▶ **Extracted information**:
Segment Open
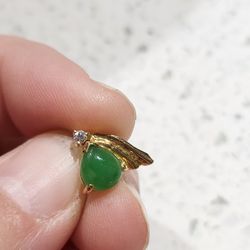 18k Gold Diamond Jade Earrings 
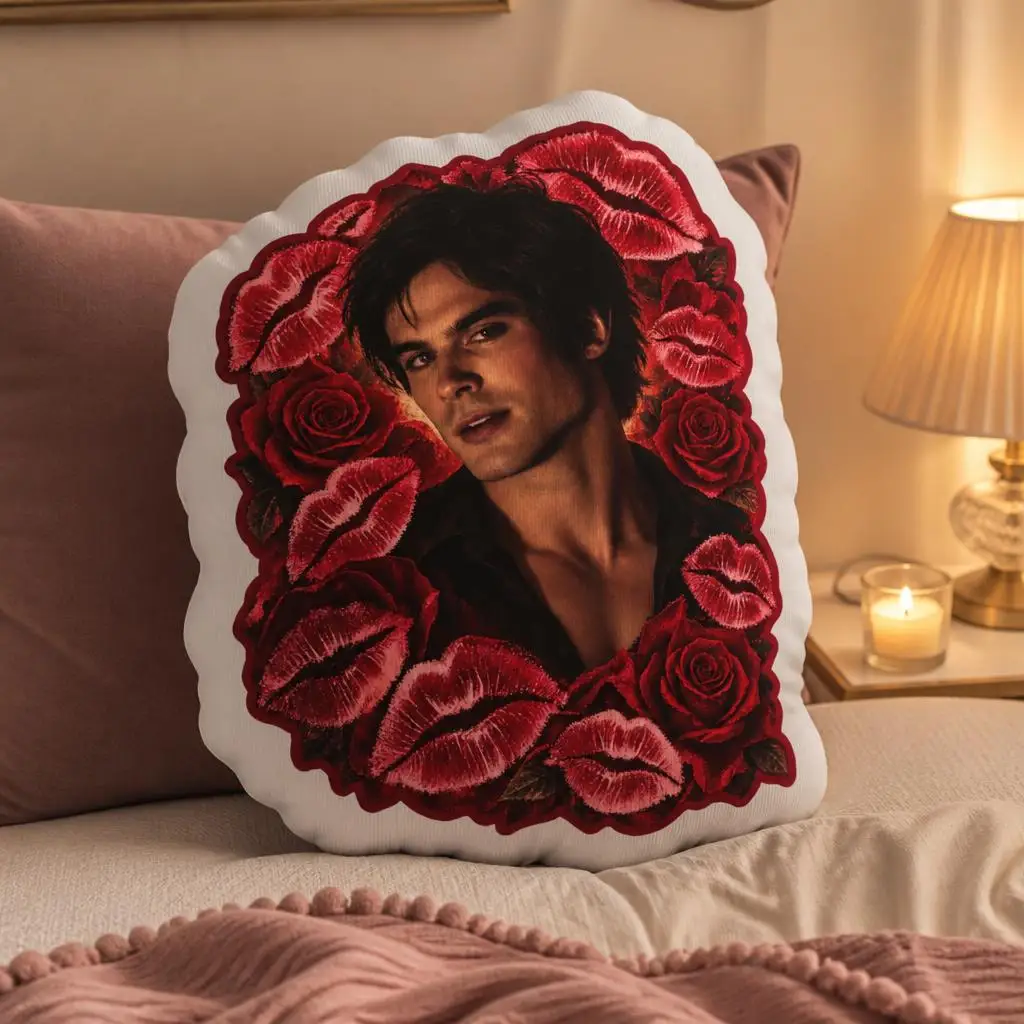The Vampire Diaries Damon Salvatore Shaped Throw Pillow Romantic Vampire Cushion for Sofa Bedroom Home Decor Gift for Fans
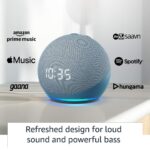 Echo Dot (4th Gen) with clock – Next generation smart speaker with powerful bass, LED display and Alexa (Blue)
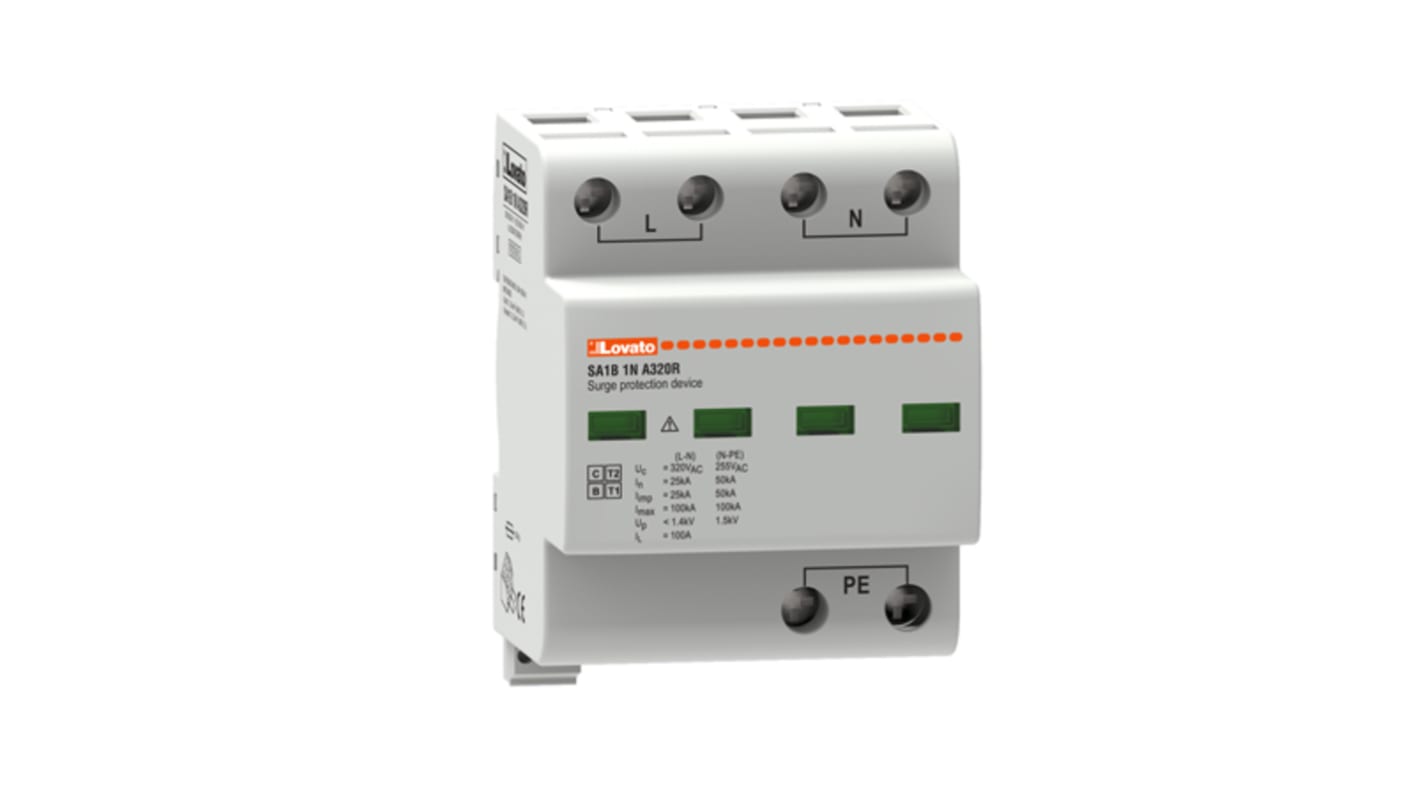 Lovato SA1B1NA320R, dispositivo di protezione monofase contro sovracorrenti, montaggio su guida DIN, corrente massima 100kA.
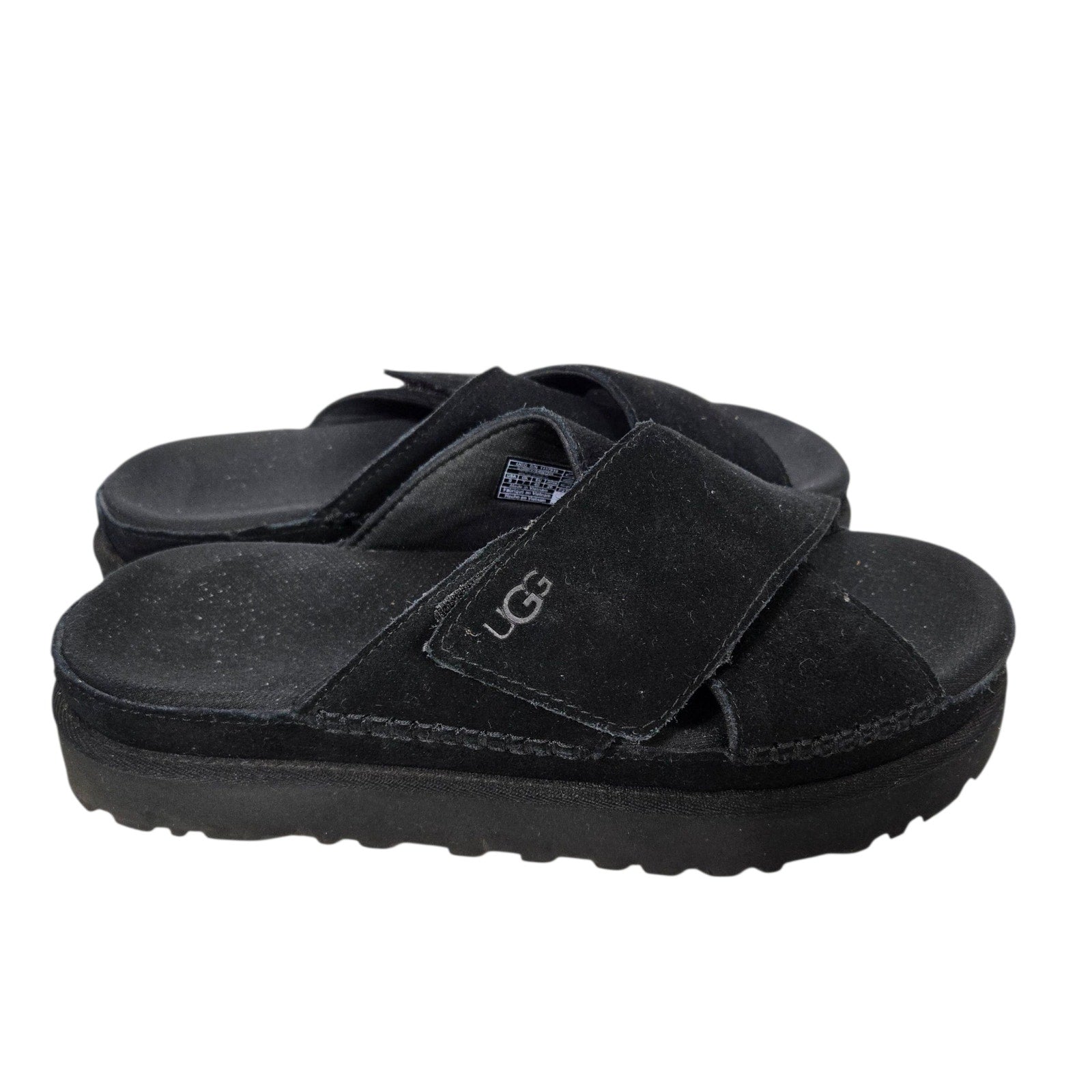 Ugg Goldenstar Cross Slide Sandals Black Platform Open Toe Suede Chunky Lug Sole Flat Form Criss Cross 9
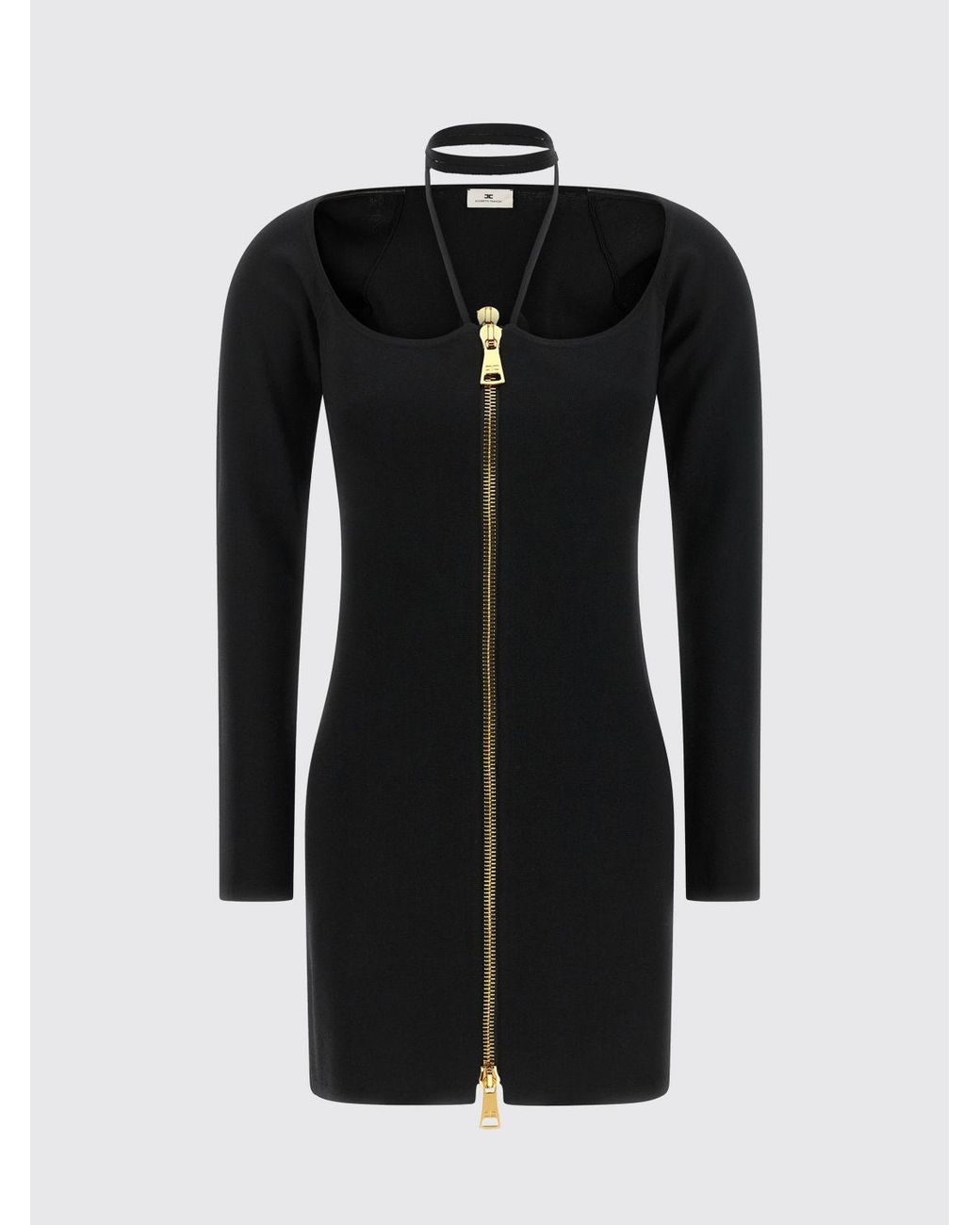 Elisabetta Franchi Black Long-Sleeve Jersey Mini Sheath Dress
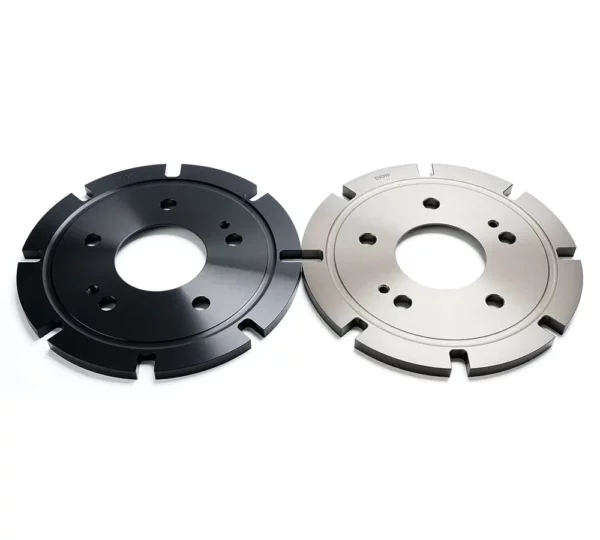 Anodised brake discs of the Paragon Performance brake discs for Chrysler 300C SRT, Dodge Challenger and Charger Hellcat models 2015 - 2020 (390mm), slotted version (front axle)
Segment Closed
▶ **Assignment**:
Once the pictures are removed, set down what remains of the entries above exactly.

▶ **Response to the exercise**:
 18k Gold Diamond Jade Earrings 
The Vampire Diaries Damon Salvatore Shaped Throw Pillow Romantic Vampire Cushion for Sofa Bedroom Home Decor Gift for Fans
 Echo Dot (4th Gen) with clock – Next generation smart speaker with powerful bass, LED display and Alexa (Blue)
 Lovato SA1B1NA320R, dispositivo di protezione monofase contro sovracorrenti, montaggio su guida DIN, corrente massima 100kA.
 Ugg Goldenstar Cross Slide Sandals Black Platform Open Toe Suede Chunky Lug Sole Flat Form Criss Cross 9
 Elisabetta Franchi Black Long-Sleeve Jersey Mini Sheath Dress
 Anodised brake discs of the Paragon Performance brake discs for Chrysler 300C SRT, Dodge Challenger and Charger Hellcat models 2015 - 2020 (390mm), slotted version (front axle)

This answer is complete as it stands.